Pero la historia del mayor no termina ahí: en 1995 Bowie confió a los Pet Shop Boys un remix de “Hallo Spaceboy”, uno de los momentos más industriales de su mejor álbum de los noventas, 1.Outisde. Como la canción original solo contaba con una estrofa, y los Pet Shop Boys querían remixarla como un dúo entre Neil Tennant y Bowie, se volvía necesario añadirle más letra. Para eso, Tennant y Chris Lowe escribieron tres versos (“Ground to major bye bye Tom / Dead the circuit, countdown’s wrong / Planet Earth, is control on?”) que sugieren un cambio en la historia a través de un giro en la perspectiva: ya no era el Control de Misión volviéndose testigo de la desaparición del astronauta sino el mayor Tom que veía desaparecer su base y, acaso, a su planeta completo. El de “Ashes to Ashes” había sido (como cabía esperar en el proceso sónico de Bowie) un falso mayor Tom, un imitador o simulacro; el “verdadero” (que, una vez más, como es típico en Bowie, fue convocado por otro, en este caso Tennant) había accedido, como el David Bowman de 2001, al más allá del infinito. Pero si el astronauta de Clarke y Kubrick regresó a la tierra convertido en un alien/superhombre/feto cósmico, el de Bowie solamente se perdería en el abismo: quizá se lo vio por última vez en el video de “Blackstar”, como el astronauta muerto cuyo cráneo es transportado hacia el “centro de todas las cosas” en la “villa de Ormen”, donde propiciará una ceremonia de magia ritual. Y todo comenzó con una canción que se pensó como una novelería, una pieza truculenta hecha con efectos especiales y la más barata imaginería scifi.
Seguramente no se trata de la mejor canción de Bowie, salvo que por “mejor” se piense qué tanto logra una pieza de música hackear la cultura pop para replicarse en tantos circuitos productores y, en ese sentido, el hecho que salta a la vista es que parece inagotable, irreductible. Bowie la tocó en vivo por última vez en su cumpleaños número 50, en 1997, y optó por excluirla de la vastísima selección de canciones en el Reality Tour, su gira definitiva de grandes éxitos. Por supuesto, ninguno de los compilados insiste en ese ninguneo; desde ChangesBowie (1990) y The Singles Collection (1993), sus primeras recopilaciones en CD, hasta la póstuma Legacy (2016), pasando por el profuso Best of Bowie (2002), no faltó en ninguna selección.

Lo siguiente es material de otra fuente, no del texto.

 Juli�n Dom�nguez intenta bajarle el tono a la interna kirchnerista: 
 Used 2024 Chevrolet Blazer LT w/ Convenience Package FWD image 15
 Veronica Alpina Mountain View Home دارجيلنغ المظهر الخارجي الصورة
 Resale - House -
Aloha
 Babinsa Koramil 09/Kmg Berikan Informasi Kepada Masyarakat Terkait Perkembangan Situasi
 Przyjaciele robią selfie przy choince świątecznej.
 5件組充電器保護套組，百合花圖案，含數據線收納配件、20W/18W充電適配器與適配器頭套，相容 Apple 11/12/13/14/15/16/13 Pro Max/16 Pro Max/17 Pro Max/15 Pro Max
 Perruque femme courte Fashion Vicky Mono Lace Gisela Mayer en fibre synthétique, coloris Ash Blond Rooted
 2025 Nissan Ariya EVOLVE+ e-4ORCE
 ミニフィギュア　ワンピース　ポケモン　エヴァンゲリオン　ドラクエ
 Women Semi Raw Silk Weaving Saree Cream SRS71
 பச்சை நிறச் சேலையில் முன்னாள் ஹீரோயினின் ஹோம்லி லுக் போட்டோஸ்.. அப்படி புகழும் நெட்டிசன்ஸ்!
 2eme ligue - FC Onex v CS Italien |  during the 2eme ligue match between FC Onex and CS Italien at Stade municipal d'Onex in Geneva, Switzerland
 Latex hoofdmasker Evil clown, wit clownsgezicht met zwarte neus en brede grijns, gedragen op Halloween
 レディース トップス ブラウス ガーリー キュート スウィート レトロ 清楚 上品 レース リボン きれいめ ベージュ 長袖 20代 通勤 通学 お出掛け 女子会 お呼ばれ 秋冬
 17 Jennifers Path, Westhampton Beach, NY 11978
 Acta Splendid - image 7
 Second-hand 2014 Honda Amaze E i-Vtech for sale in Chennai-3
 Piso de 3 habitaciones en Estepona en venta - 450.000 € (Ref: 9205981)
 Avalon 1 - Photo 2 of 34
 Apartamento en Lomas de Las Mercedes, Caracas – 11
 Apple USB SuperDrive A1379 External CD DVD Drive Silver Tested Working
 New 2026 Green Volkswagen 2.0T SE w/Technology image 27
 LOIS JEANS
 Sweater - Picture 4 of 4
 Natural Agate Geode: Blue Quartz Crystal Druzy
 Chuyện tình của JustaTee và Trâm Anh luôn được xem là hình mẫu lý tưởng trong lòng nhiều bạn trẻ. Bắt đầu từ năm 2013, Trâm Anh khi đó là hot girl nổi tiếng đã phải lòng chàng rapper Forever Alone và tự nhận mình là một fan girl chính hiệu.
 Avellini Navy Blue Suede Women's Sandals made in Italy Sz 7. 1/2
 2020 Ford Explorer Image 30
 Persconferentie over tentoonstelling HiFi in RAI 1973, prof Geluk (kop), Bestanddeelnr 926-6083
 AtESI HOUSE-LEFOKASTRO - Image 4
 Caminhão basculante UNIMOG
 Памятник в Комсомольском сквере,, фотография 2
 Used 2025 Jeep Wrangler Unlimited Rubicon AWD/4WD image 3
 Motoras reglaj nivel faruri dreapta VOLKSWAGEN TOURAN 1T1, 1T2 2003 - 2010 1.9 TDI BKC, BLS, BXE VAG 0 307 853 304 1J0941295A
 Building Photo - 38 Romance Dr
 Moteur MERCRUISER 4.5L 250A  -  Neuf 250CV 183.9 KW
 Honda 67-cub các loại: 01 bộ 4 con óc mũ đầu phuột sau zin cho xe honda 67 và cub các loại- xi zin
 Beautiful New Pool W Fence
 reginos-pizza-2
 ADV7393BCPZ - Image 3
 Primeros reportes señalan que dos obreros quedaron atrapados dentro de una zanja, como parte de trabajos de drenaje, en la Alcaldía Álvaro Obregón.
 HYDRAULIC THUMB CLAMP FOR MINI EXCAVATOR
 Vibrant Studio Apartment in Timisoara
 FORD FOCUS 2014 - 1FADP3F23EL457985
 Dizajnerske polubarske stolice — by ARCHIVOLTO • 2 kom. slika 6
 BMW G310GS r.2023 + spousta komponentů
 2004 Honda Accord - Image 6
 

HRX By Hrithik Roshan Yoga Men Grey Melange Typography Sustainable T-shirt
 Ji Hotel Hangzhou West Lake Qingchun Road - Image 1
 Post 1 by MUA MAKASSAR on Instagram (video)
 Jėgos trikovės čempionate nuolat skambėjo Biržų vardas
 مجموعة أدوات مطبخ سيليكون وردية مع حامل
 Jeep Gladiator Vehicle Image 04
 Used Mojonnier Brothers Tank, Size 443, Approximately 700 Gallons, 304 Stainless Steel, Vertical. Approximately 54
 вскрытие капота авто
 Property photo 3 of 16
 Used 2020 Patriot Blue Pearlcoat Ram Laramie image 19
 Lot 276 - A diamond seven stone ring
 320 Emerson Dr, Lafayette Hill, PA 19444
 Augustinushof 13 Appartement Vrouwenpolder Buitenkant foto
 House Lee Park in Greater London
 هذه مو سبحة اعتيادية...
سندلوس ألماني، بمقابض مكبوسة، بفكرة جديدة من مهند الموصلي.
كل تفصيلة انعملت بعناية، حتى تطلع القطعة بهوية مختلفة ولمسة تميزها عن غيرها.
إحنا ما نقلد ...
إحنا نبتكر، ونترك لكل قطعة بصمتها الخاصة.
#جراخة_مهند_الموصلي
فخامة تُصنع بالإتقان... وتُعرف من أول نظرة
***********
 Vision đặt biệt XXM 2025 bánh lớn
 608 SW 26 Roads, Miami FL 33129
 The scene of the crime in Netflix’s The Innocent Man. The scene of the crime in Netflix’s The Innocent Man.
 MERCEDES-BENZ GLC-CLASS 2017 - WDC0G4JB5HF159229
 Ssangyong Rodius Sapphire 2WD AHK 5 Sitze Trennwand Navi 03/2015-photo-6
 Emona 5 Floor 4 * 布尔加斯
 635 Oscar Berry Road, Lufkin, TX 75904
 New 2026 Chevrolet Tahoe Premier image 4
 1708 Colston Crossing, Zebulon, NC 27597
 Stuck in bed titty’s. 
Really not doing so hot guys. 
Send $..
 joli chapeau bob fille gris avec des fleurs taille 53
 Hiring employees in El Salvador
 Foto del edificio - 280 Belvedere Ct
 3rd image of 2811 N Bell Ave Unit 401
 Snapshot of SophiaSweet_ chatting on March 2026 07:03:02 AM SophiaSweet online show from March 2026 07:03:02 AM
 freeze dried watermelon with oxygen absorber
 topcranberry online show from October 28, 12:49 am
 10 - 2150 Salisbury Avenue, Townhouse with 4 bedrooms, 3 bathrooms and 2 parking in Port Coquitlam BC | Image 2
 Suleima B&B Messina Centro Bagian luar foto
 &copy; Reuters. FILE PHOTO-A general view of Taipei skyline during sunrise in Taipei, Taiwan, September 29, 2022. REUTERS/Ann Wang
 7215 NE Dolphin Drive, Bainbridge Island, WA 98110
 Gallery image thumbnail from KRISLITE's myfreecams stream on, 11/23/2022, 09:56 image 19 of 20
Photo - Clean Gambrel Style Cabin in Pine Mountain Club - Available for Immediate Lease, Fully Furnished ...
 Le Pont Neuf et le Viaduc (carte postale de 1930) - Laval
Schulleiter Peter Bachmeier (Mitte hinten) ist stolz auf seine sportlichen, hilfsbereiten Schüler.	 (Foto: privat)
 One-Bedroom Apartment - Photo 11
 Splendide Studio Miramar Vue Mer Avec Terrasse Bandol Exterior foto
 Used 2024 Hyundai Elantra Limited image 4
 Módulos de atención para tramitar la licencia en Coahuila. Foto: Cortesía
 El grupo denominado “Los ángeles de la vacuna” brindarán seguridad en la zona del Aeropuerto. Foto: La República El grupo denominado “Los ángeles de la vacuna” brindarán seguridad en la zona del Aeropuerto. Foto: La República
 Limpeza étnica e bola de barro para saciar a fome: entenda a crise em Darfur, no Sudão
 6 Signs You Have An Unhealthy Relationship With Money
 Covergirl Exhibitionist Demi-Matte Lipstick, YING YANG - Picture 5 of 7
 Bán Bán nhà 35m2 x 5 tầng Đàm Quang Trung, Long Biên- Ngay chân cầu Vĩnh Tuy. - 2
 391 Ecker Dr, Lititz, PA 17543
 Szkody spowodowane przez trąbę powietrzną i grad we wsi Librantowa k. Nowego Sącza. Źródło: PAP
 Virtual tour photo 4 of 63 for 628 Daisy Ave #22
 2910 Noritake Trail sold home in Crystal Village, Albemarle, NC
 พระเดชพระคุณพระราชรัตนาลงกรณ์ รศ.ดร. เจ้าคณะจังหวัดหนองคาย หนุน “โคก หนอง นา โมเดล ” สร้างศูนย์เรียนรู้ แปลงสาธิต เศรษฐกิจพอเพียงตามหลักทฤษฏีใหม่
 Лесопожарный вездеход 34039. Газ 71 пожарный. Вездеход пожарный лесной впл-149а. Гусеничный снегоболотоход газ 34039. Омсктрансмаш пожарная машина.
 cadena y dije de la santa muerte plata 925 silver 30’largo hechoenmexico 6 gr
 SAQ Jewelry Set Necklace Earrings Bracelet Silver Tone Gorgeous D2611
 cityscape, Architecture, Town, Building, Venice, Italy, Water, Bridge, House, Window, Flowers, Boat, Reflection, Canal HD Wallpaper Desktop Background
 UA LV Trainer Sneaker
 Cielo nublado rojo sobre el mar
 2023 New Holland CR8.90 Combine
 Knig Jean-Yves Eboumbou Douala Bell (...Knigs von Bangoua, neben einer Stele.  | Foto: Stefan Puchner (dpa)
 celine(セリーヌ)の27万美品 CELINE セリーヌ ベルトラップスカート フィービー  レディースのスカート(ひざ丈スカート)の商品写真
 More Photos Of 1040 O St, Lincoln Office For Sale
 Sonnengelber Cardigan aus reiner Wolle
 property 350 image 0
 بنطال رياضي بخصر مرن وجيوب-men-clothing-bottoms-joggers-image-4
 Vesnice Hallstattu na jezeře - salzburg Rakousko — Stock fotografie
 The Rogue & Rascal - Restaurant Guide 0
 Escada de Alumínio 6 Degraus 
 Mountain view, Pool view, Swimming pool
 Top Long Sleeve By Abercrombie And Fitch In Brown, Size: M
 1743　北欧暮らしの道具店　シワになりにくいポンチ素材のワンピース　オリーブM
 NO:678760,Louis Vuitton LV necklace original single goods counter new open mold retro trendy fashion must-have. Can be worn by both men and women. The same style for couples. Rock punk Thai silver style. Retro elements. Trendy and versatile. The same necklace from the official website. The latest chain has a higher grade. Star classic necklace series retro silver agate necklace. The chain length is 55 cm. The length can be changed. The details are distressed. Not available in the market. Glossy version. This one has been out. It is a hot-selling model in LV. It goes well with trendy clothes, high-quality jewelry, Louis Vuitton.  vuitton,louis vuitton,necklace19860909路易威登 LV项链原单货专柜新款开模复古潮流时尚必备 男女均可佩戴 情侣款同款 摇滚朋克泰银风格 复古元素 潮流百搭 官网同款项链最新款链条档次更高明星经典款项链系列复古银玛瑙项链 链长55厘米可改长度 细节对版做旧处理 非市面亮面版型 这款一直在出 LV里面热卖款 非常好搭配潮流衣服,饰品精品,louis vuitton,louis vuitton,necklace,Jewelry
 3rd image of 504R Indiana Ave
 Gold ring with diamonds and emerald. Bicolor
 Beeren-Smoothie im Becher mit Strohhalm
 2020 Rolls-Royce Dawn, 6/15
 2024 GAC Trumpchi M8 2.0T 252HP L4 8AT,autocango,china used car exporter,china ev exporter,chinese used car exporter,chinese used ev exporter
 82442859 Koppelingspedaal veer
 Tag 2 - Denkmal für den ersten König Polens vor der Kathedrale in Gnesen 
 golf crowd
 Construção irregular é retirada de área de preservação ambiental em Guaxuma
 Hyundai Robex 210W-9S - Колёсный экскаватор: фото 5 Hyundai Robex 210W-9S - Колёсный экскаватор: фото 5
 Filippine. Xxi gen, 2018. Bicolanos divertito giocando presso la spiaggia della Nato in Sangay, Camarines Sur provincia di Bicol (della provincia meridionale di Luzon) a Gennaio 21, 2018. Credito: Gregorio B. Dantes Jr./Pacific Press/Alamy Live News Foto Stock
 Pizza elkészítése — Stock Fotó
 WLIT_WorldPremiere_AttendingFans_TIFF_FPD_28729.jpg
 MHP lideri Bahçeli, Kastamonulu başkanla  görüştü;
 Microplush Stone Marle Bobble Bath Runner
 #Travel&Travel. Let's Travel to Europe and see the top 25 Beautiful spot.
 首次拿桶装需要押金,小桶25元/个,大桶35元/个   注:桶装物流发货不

Sin embargo, solo los fans más exhaustivos recuerdan el álbum que la incluyó después de su primera publicación como single. Difícilmente alguien atento a la historia del pop ignore a qué canción pertenece el verso “ground Control to major Tom”, pero si se pregunta por “oh, it’s the madness in his eyes / as he breaks the night to cry” o “so much has gone / and little is new”, o incluso (pese a la conexión con el Wizarding World) “when all the world is warm and tired / you cry a little in the dark”, seguramente no serán tantos los capaces de identificar “Wild Eyed Boy From Freecloud”, “Cygnet Committee” y “Letter to Hermione”, respectivamente, todas incluidas en David Bowie, el álbum de 1969 cuya primera pista comenzaba con el diálogo entre el control de misión y el mayor Tom.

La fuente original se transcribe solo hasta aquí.